Collected data entries
# # #
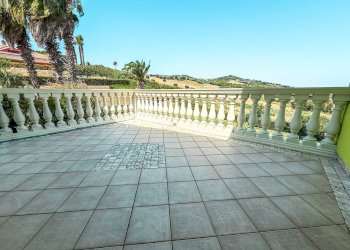 Foto 39 - Villa via castani, Martinsicuro - foto 39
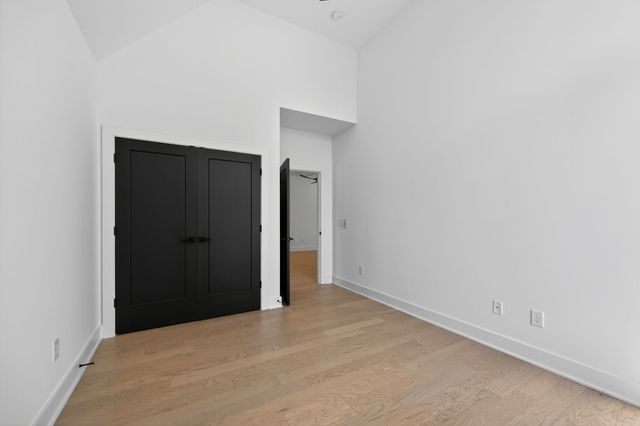 515 31st Ave, N, Nashville, TN 37209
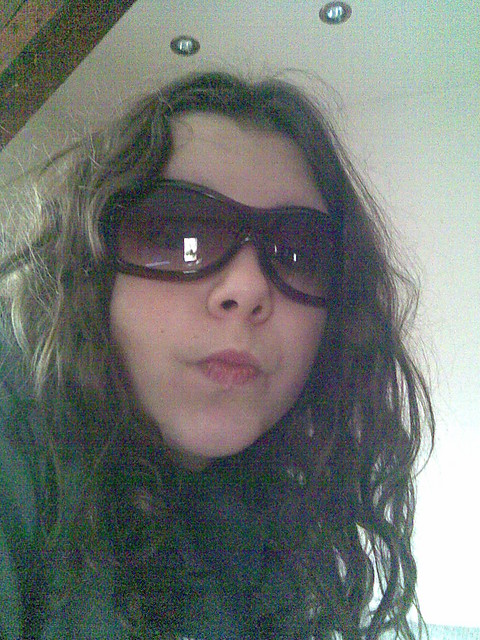 oksy ;)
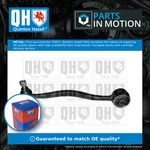 Wishbone / Suspension Arm Fits Bmw 524 Td E28, E34 2.4D 83 To 91 Track Control. Fixed Price $50.82.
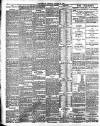 Ripon Observer Thursday 31 January 1889 Page 8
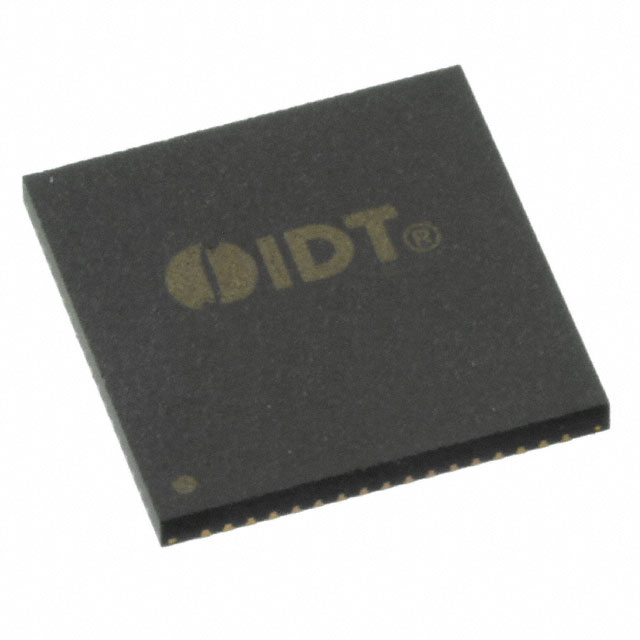 Renesas Electronics Corporation F0502NLGI electronic component product image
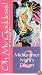 Oh My Goddess Vol. 2- Midsummer Night's Dream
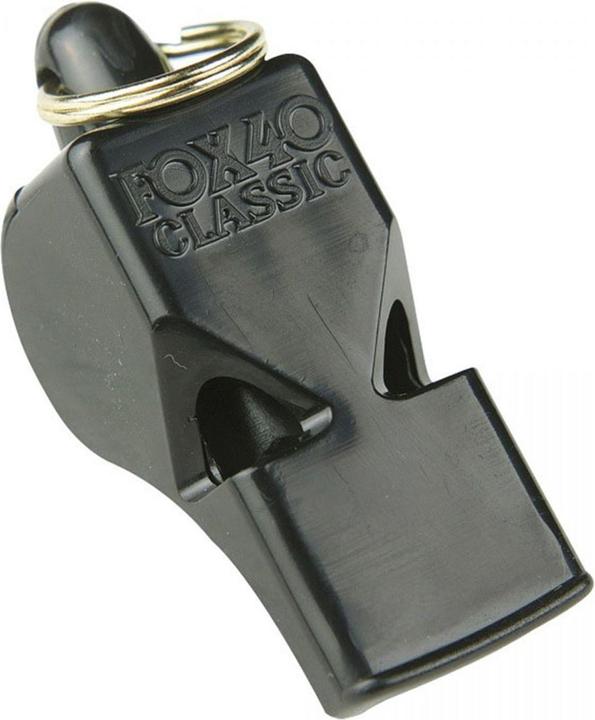 Image du produit Huspo Fox 40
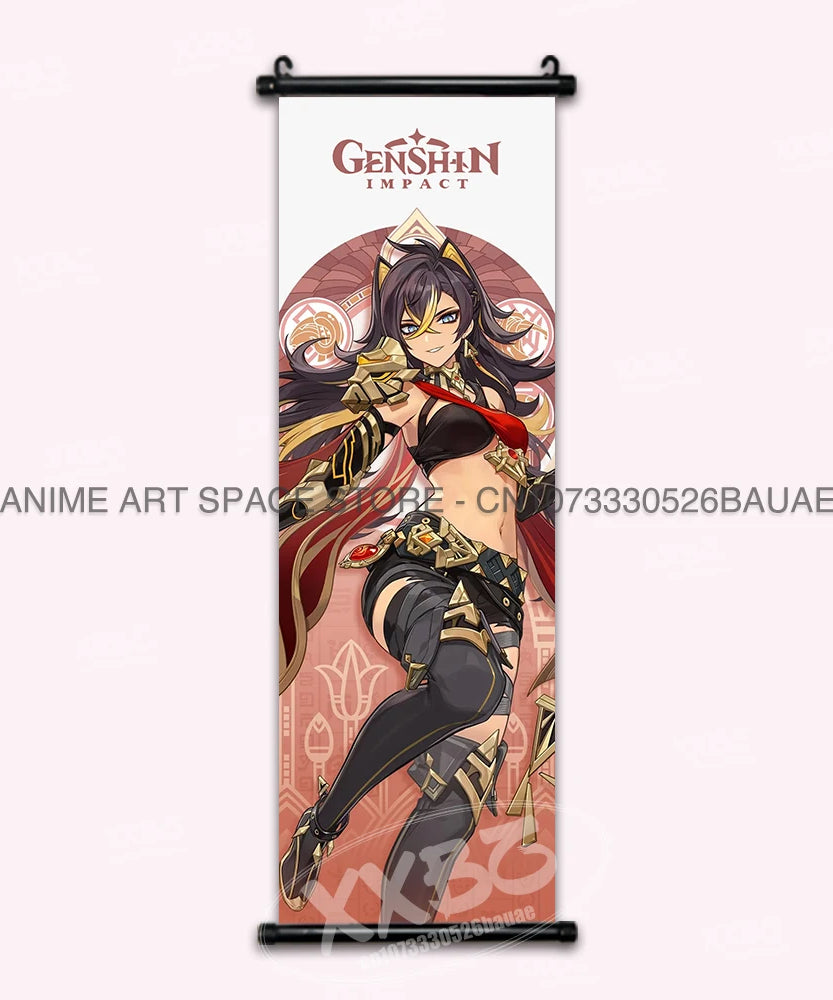 49120432259240|49120432292008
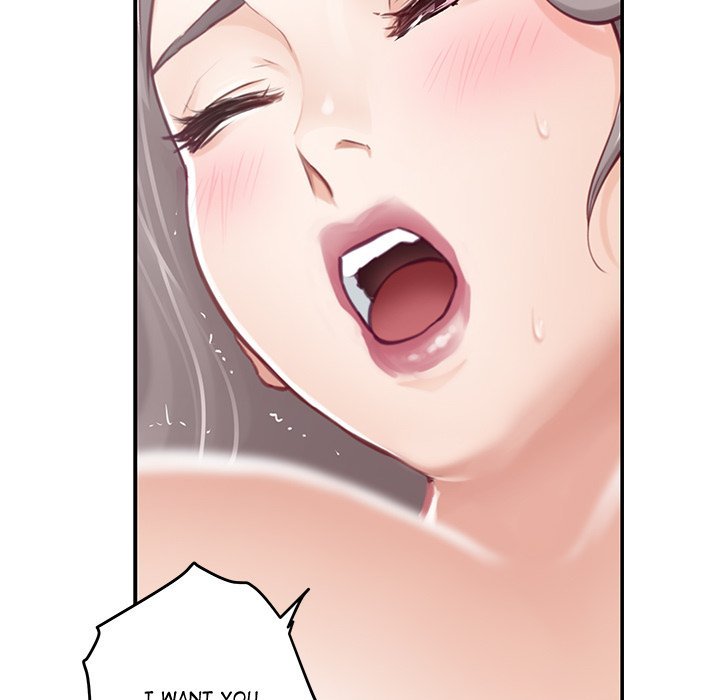 God of Pleasure Chapter 46 image 148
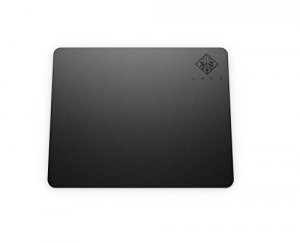 Hp 1MY14AA#ABL Omen Mouse Pad 100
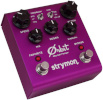 Strymoni kitarripedaal Orbit dBucket Flanger Guitar Pedal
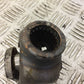 HONDA NTV 650 REVERE UV JOINT  YEAR 1988-1996  (STOCK 571)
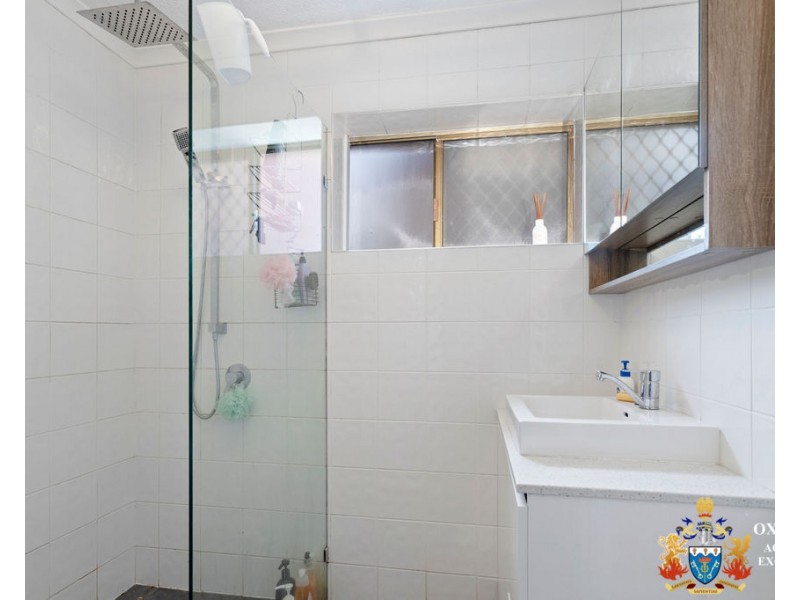 3/12 Dinmore Street, Dinmore QLD 4303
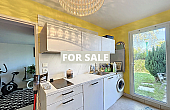 Property_For_Sale_in_France_with_Cle_France_Join_our_mailing_List_LNH13343_12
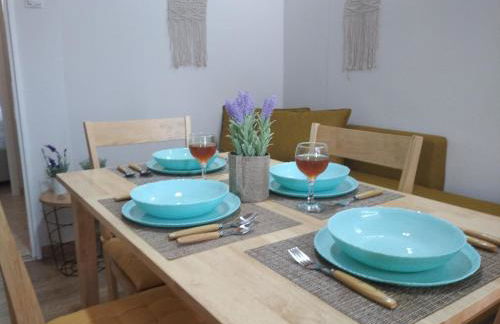 Granny's Home - Foto 43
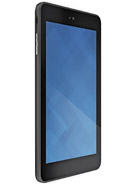 Best available price of Dell Venue 7 in Cambodia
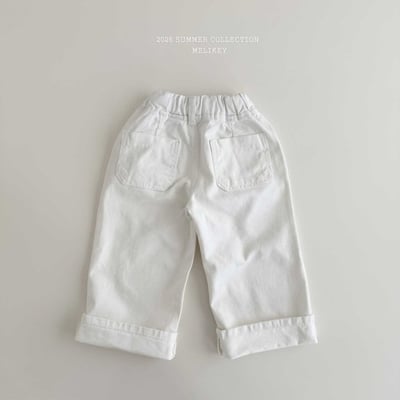 040101白色破破褲4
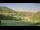 Webcam in Lauf, 5.2 km entfernt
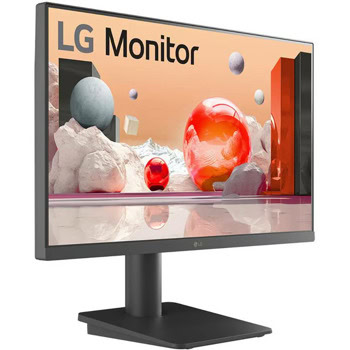 LG 27MS550-B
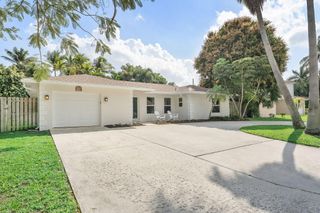 788 NW 7th Drive, Boca Raton, FL 33486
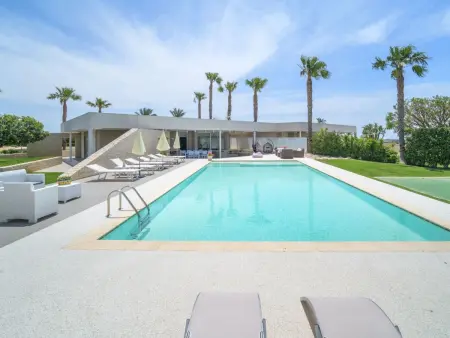 Location Maison à Marina di Ragusa 6 personnes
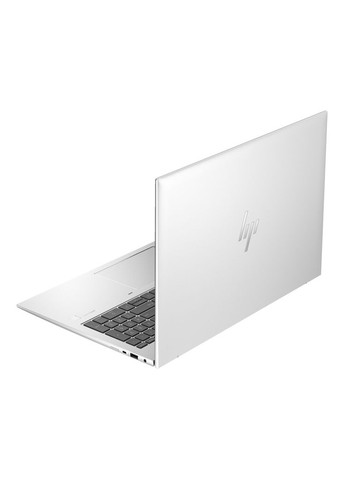 Ноутбук EliteBook 860 G11 (A37C4ET) HP (371631648)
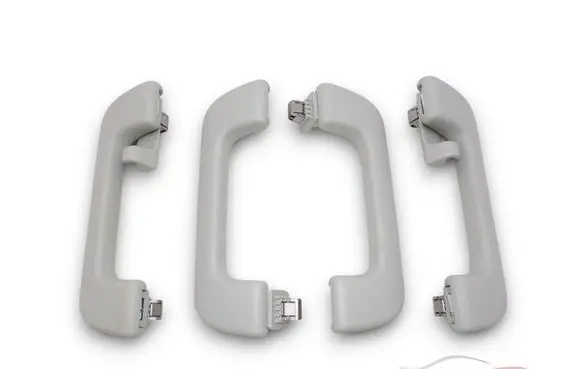 Audi A6 S6 C7 4G Front interior roof grab handle 8K0857607B 8K0857608A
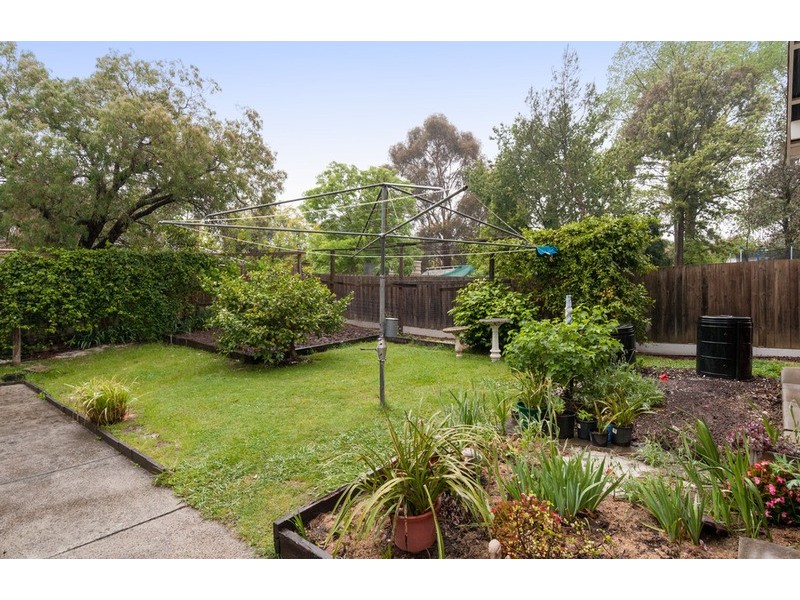 9 Myoora Drive, Mooroolbark VIC 3138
# # #
* _Exercise instructions_
Without the pictures, give all of the entries above again exactly.

* _Result of this task_
 Foto 39 - Villa via castani, Martinsicuro - foto 39
 515 31st Ave, N, Nashville, TN 37209
 oksy ;)
 Wishbone / Suspension Arm Fits Bmw 524 Td E28, E34 2.4D 83 To 91 Track Control. Fixed Price $50.82.
 Ripon Observer Thursday 31 January 1889 Page 8
 Renesas Electronics Corporation F0502NLGI electronic component product image
 Oh My Goddess Vol. 2- Midsummer Night's Dream
 Image du produit Huspo Fox 40
 49120432259240|49120432292008
 God of Pleasure Chapter 46 image 148
 Hp 1MY14AA#ABL Omen Mouse Pad 100
 Strymoni kitarripedaal Orbit dBucket Flanger Guitar Pedal
 HONDA NTV 650 REVERE UV JOINT  YEAR 1988-1996  (STOCK 571)
 3/12 Dinmore Street, Dinmore QLD 4303
 Property_For_Sale_in_France_with_Cle_France_Join_our_mailing_List_LNH13343_12
 Granny's Home - Foto 43
 Best available price of Dell Venue 7 in Cambodia
 040101白色破破褲4
 Webcam in Lauf, 5.2 km entfernt
 LG 27MS550-B
 788 NW 7th Drive, Boca Raton, FL 33486
 Location Maison à Marina di Ragusa 6 personnes
 Ноутбук EliteBook 860 G11 (A37C4ET) HP (371631648)
 Audi A6 S6 C7 4G Front interior roof grab handle 8K0857607B 8K0857608A
 9 Myoora Drive, Mooroolbark VIC 3138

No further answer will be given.